A Lei Antiterrorismo, como o principal legado de restrição brutal do direito do povo de lutar pelos seus direitos, é vaga a ponto de definir como terrorismo “criar pânico social” com fins políticos. Ora, um protesto, sendo um resultado natural e espontâneo de genuína indignação e enfrentando a repressão policial sempre que se torna um incômodo, como ocorre em todos os países do mundo, frequentemente recorre à violência em resposta; e as pautas de um protesto são, sempre, direta ou indiretamente, em menor ou maior grau, políticas. Se isso cria “pânico social”, é um juízo extremamente relativo. A repressão policial, causando pânico social e em defesa dos interesses do governo (portanto, políticos), poderia também, pela lógica, ser enquadrada na lei antiterrorista. Como se vê, a lei é um instrumento arbitrário para penalizar quem quer que queiram os grupos de poder mais fortes na estrutura do velho Estado.
Por fim, utilizando-se de medidas como infiltração policial e grampos, farsas processuais foram montadas contra ativistas que participaram dos protestos. Os casos mais abrangentes foram no RJ e RS. No Rio de Janeiro, 23 participantes de protestos em 2013 e 2014 foram condenados, com penas de 5 a 7 anos de prisão pelo suposto crime de organização criminosa (formação de quadrilha). Este processo ainda se encontra em fase de recursos. Em Porto Alegre, sete ativistas foram processados sob a acusação de associação criminosa, dano e furto qualificado, explosão e lesão corporal. E Rafael Braga, jovem pobre condenado por portar desinfetante próximo a passeata, foi um recado da repressão para as massas mais oprimidas: não se envolvam em protestos, pois o custo será alto.

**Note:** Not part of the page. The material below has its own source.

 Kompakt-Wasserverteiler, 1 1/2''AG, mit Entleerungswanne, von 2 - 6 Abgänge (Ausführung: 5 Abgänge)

A repressão às manifestações populares por direitos se tornou a regra após 2013, agora com leis mais duras de criminalização e aparatos de vigilância e controle mais desenvolvidos. Durante as grandes manifestações nacionais contra a reforma trabalhista de Temer, em 2017, todo o repertório foi aplicado a rodo: bombas, gases e balas de borracha para dispersar a multidão. Isso claramente é um atentado ao direito de manifestação e de luta popular pelos seus direitos. Processos baseados em ideias como o dos 23 da Copa são atentados ao direito de livre expressão e opinião. Os “ovos da serpente fascista” já estavam presentes em 2013: não eram as manifestações e nem as Jornadas de Junho, e sim a reação, disposta a recorrer ao impulsionamento de medidas de restrição de direitos e elementos do fascismo para dar uma resposta àqueles protestos. Essa reação contou, e segue contando, com a colaboração de uma “esquerda” que diz ser necessário conciliar e sujeitar-se à reação em nome da “governabilidade”, que só favorece – como não poderia deixar de ser – as classes dominantes e prepara o caminho ao fascismo. Basta perguntar: quem ganha com o enfraquecimento dos direitos e liberdades democráticos dos ativistas populares e lutadores? Quem ganha impedindo o povo pobre de lutar contra a pauperização, por saúde e educação de qualidade e gratuitas, contra o desemprego e a violência policial? Está claro a quem serviram e seguem servindo todos os que corroboram com a repressão às Jornadas de Junho e à sua demonização.